* **Problem**: Up to and including the line that holds "HSL ALFALFA SUPER ABCD TONIC (200ml)", copy every line of the records below exactly, starting at the first; leave pictures out.

* **Dataset records**:
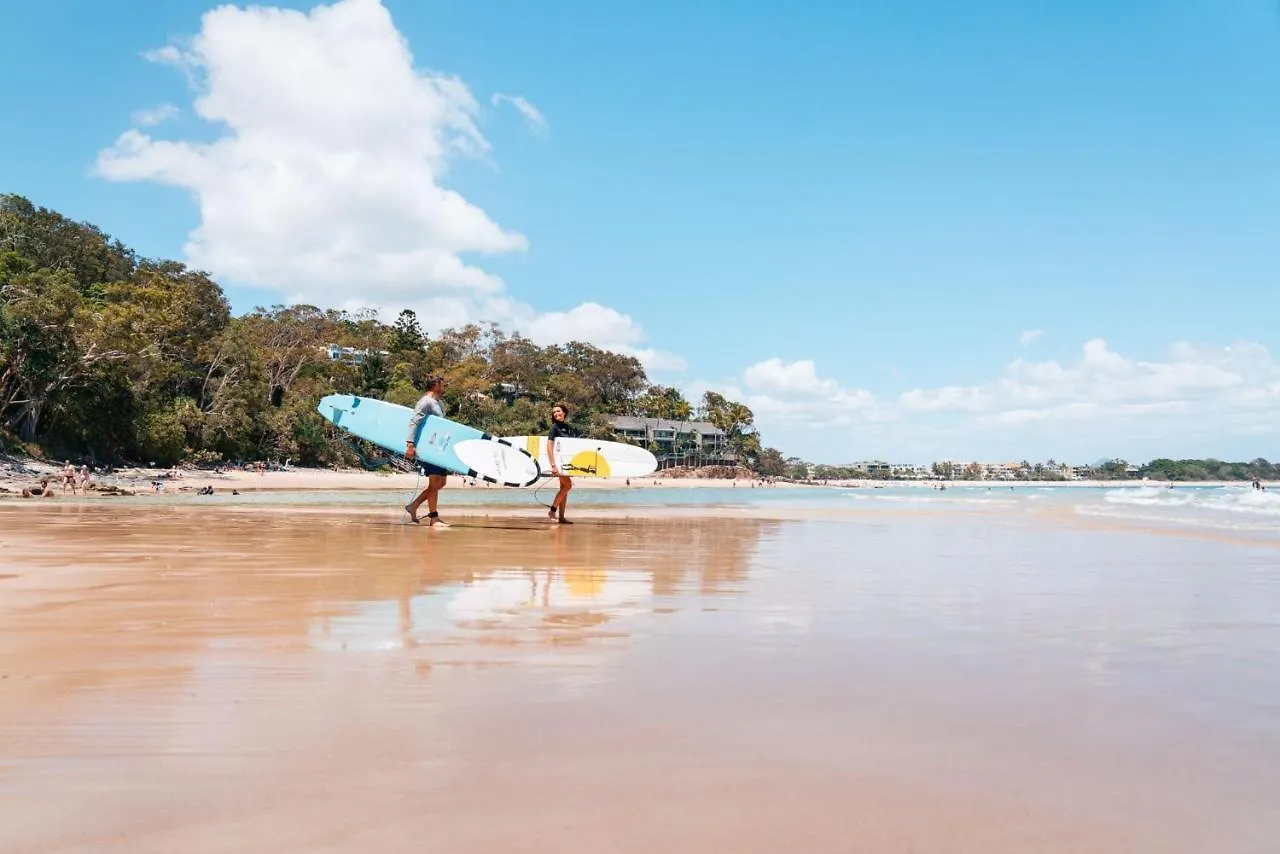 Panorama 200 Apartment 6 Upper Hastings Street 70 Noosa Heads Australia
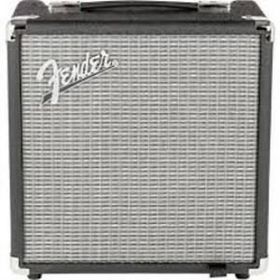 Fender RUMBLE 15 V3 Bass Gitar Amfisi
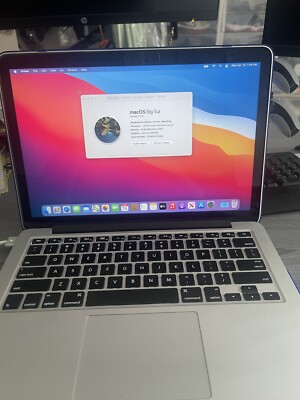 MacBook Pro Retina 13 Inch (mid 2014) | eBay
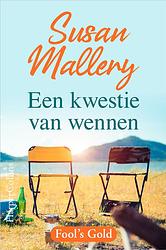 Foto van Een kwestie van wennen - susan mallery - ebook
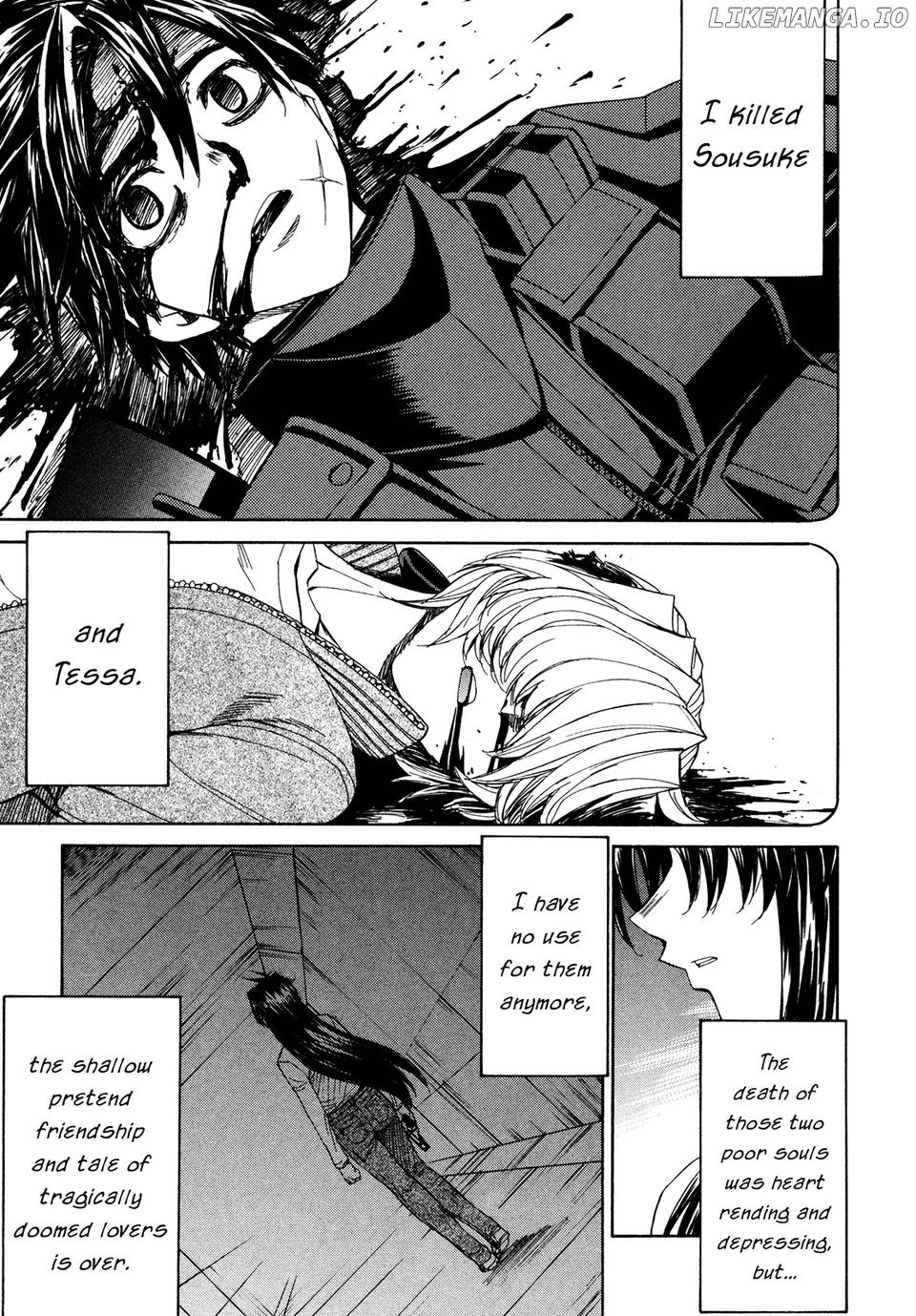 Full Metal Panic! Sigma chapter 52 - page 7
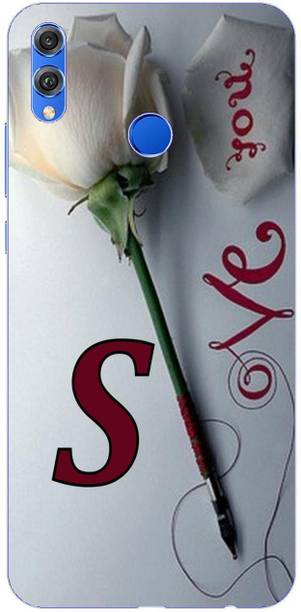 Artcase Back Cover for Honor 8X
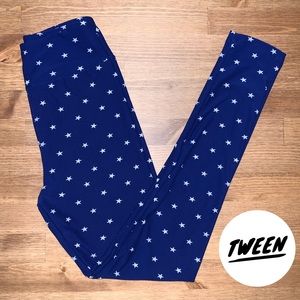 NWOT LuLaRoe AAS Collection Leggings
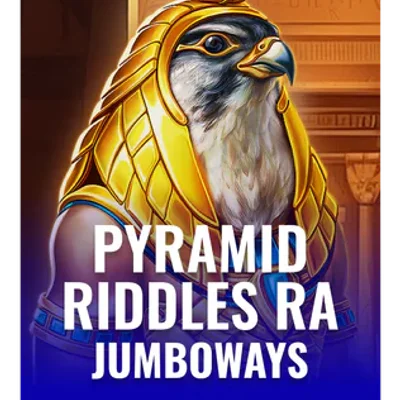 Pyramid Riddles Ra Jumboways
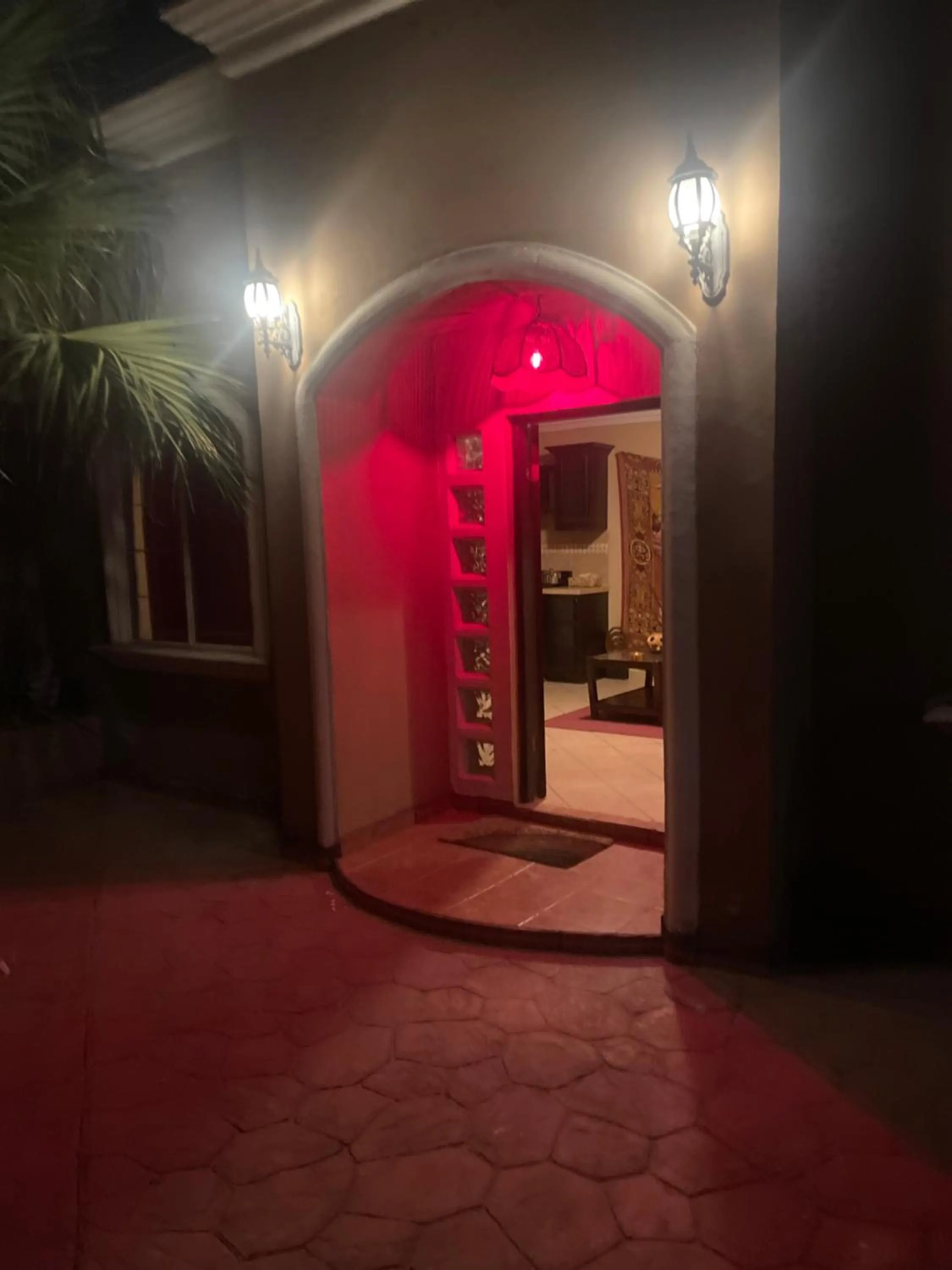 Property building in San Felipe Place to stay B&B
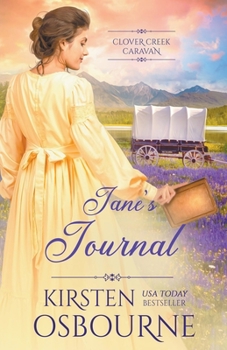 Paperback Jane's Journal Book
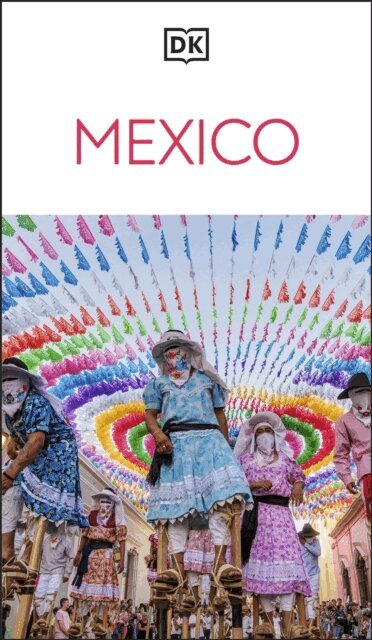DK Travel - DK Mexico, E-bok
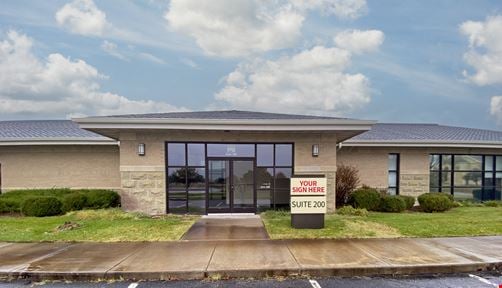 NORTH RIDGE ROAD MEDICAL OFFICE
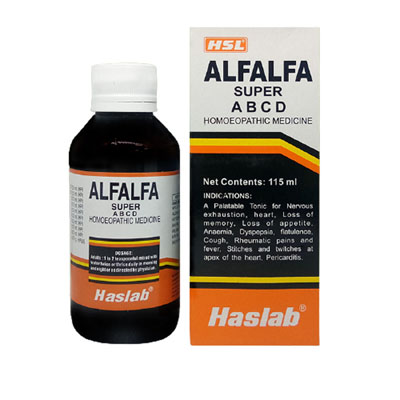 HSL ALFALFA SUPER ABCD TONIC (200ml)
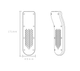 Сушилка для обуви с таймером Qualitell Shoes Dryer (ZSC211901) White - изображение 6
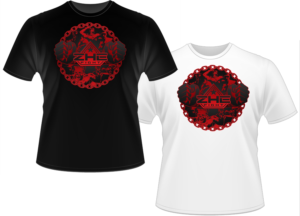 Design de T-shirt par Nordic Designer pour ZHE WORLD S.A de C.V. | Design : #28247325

* **Exercise response**:
 Panorama 200 Apartment 6 Upper Hastings Street 70 Noosa Heads Australia
 Fender RUMBLE 15 V3 Bass Gitar Amfisi
 MacBook Pro Retina 13 Inch (mid 2014) | eBay
 Foto van Een kwestie van wennen - susan mallery - ebook
 Full Metal Panic! Sigma chapter 52 - page 7
 Artcase Back Cover for Honor 8X
 NWOT LuLaRoe AAS Collection Leggings
 Pyramid Riddles Ra Jumboways
 Property building in San Felipe Place to stay B&B
 Paperback Jane's Journal Book
DK Travel - DK Mexico, E-bok
 NORTH RIDGE ROAD MEDICAL OFFICE
 HSL ALFALFA SUPER ABCD TONIC (200ml)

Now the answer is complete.